----- RECORDS FOR PROCESSING -----

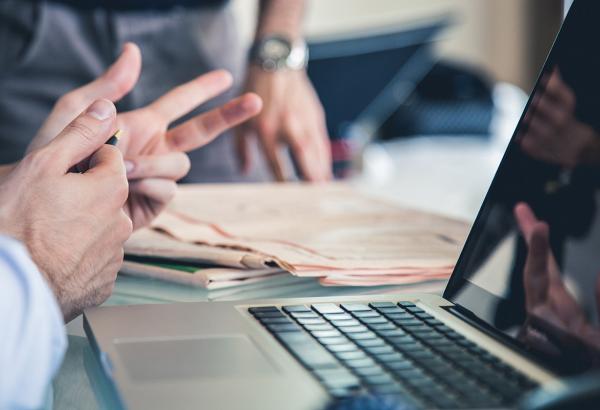 A close-up of an open laptop while two individuals talk.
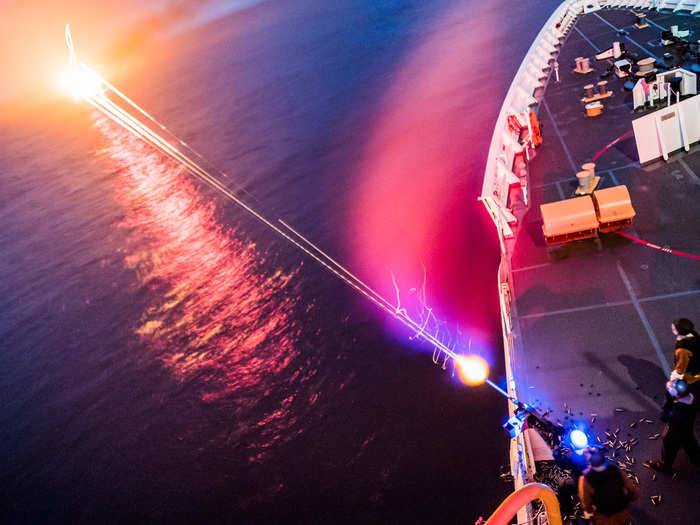 US Coast Guard members practice shooting a 50-caliber machine gun at night during a deployment aboard Coast Guard Cutter Stratton.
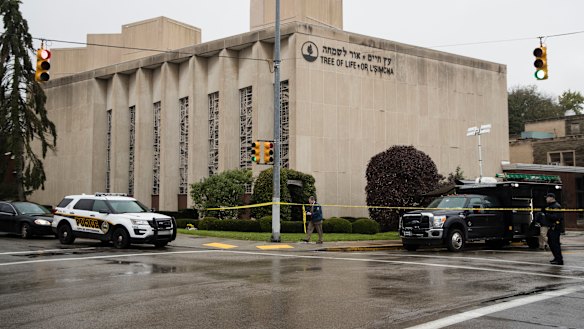 Police stand guard outside the Tree of Life Synagogue in Pittsburgh where a shooter opened fire.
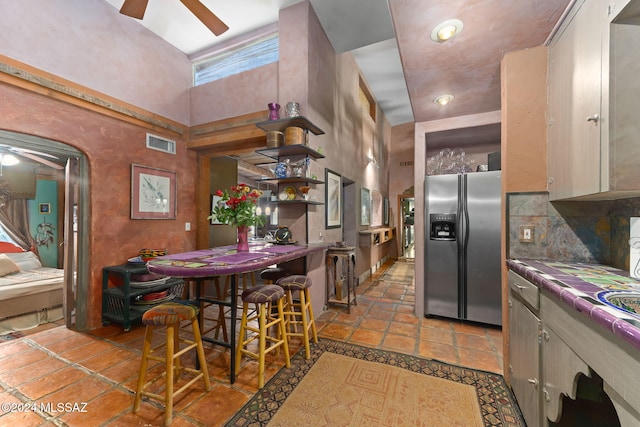 kitchen featuring stainless steel fridge with ice dispenser, a towering ceiling, tile countertops, and ceiling fan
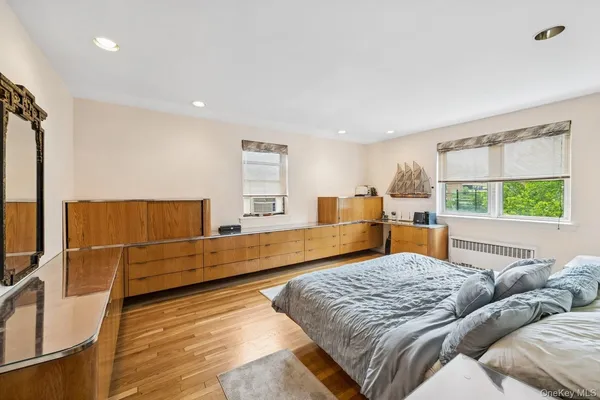 a living room with furniture rug and window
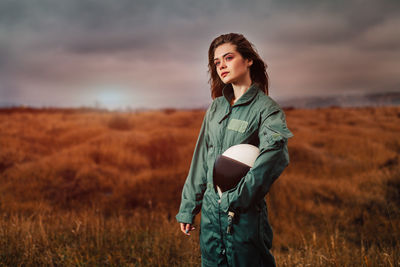 Young woman standing on field against sky during sunset
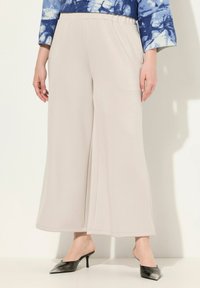 Pantalons larges beige clair en tissu doux avec une taille élastique, associés à des mules noires à talons, mettant en valeur le fluide des pantalons.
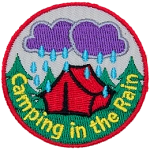 Dark clouds pour rain down on a tent in the woods during a night of camping in the rain.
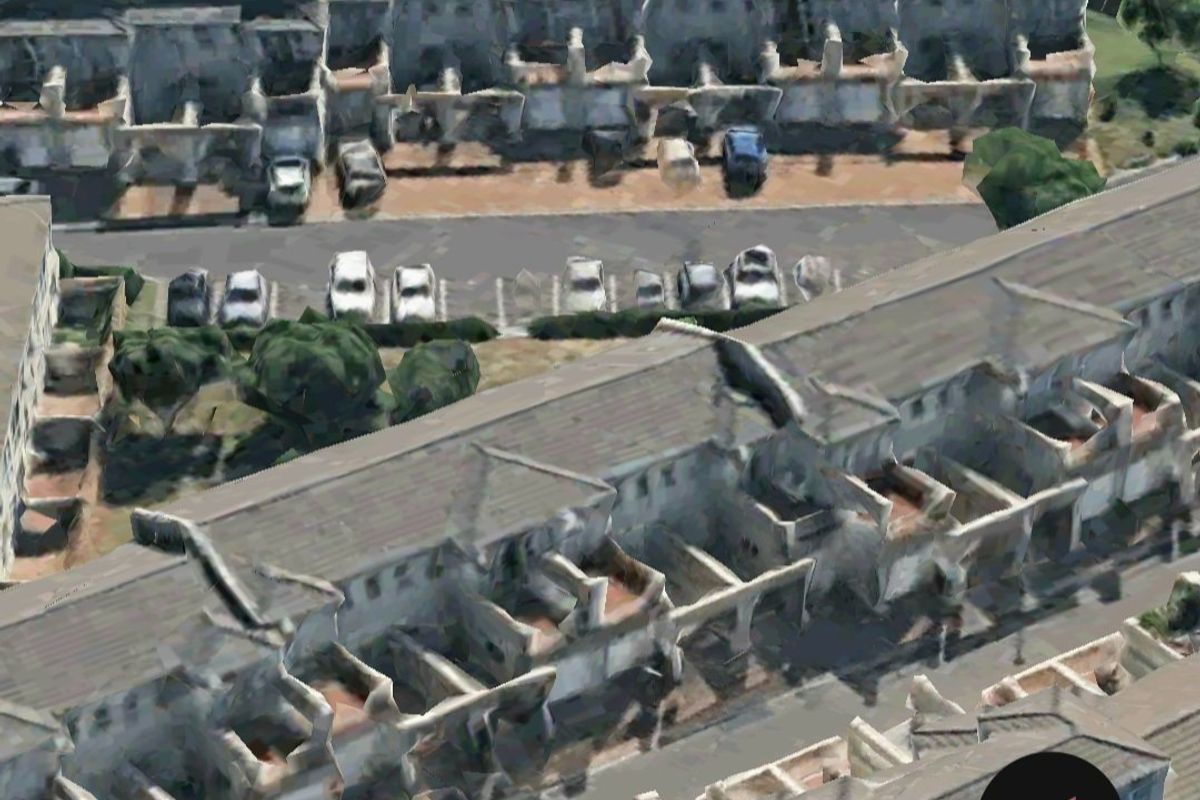 An aerial view of a residential townhouse complex featuring multiple units with tiled roofs and dedicated parking areas.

-----

> BRIEF
Please repeat the records above exactly, omitting any pictures they contain.

> WORKED SOLUTION
 A close-up of an open laptop while two individuals talk.
 US Coast Guard members practice shooting a 50-caliber machine gun at night during a deployment aboard Coast Guard Cutter Stratton.
 Police stand guard outside the Tree of Life Synagogue in Pittsburgh where a shooter opened fire.
 kitchen featuring stainless steel fridge with ice dispenser, a towering ceiling, tile countertops, and ceiling fan
 a living room with furniture rug and window
 Young woman standing on field against sky during sunset
 Pantalons larges beige clair en tissu doux avec une taille élastique, associés à des mules noires à talons, mettant en valeur le fluide des pantalons.
 Dark clouds pour rain down on a tent in the woods during a night of camping in the rain.
 An aerial view of a residential townhouse complex featuring multiple units with tiled roofs and dedicated parking areas.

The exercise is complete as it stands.